***** Data in this exercise *****
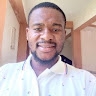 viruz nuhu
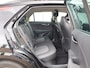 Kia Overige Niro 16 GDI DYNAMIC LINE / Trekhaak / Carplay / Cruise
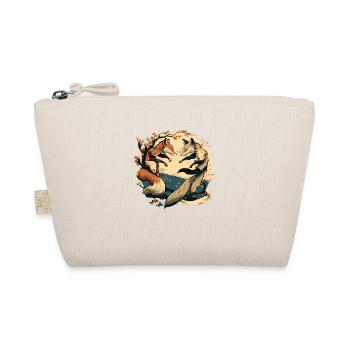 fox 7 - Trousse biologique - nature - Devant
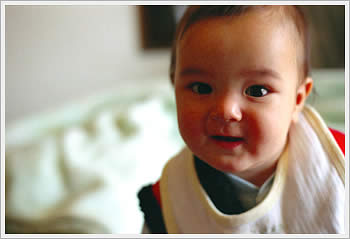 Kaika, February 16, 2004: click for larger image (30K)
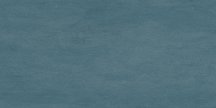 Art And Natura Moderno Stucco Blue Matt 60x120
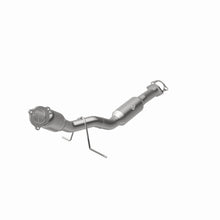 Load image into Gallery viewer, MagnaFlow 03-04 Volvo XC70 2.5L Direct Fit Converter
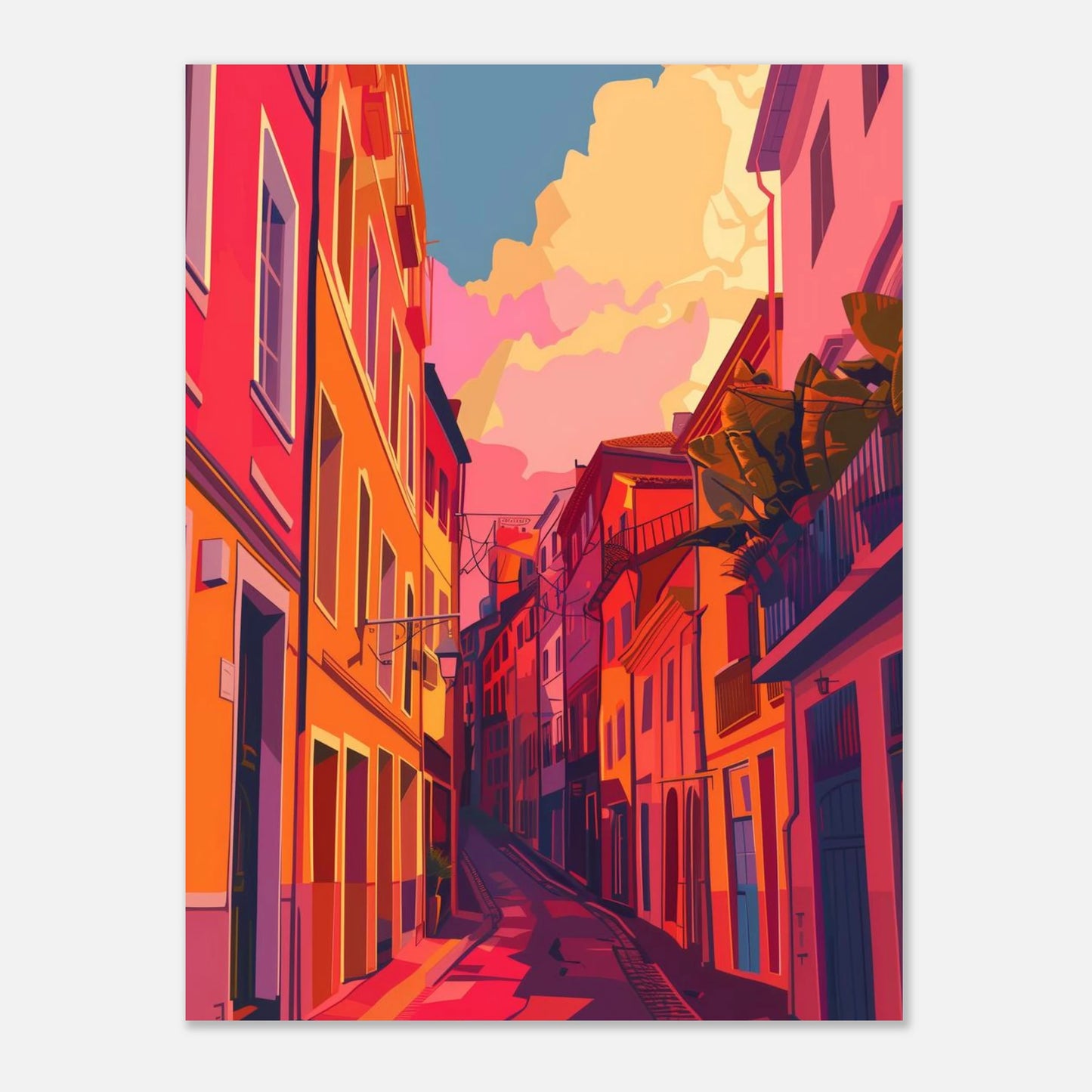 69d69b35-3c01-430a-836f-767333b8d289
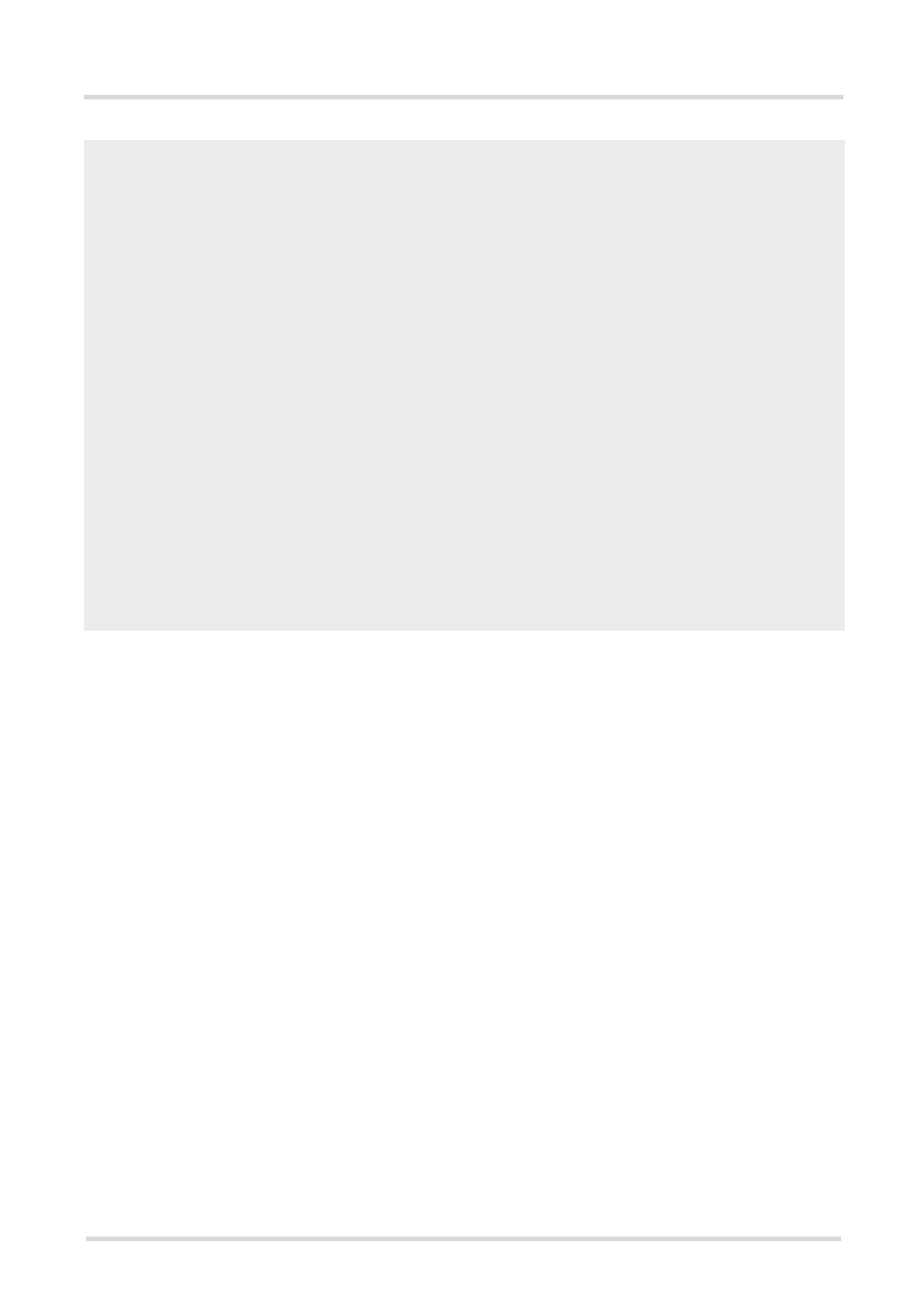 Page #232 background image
*****
### What you will do:
Reproduce each line of the records exactly, omitting any picture.

### Result below:
 viruz nuhu
 Kia Overige Niro 16 GDI DYNAMIC LINE / Trekhaak / Carplay / Cruise
 fox 7 - Trousse biologique - nature - Devant
 Kaika, February 16, 2004: click for larger image (30K)
 Art And Natura Moderno Stucco Blue Matt 60x120
 Load image into Gallery viewer, MagnaFlow 03-04 Volvo XC70 2.5L Direct Fit Converter
 69d69b35-3c01-430a-836f-767333b8d289
 Page #232 background image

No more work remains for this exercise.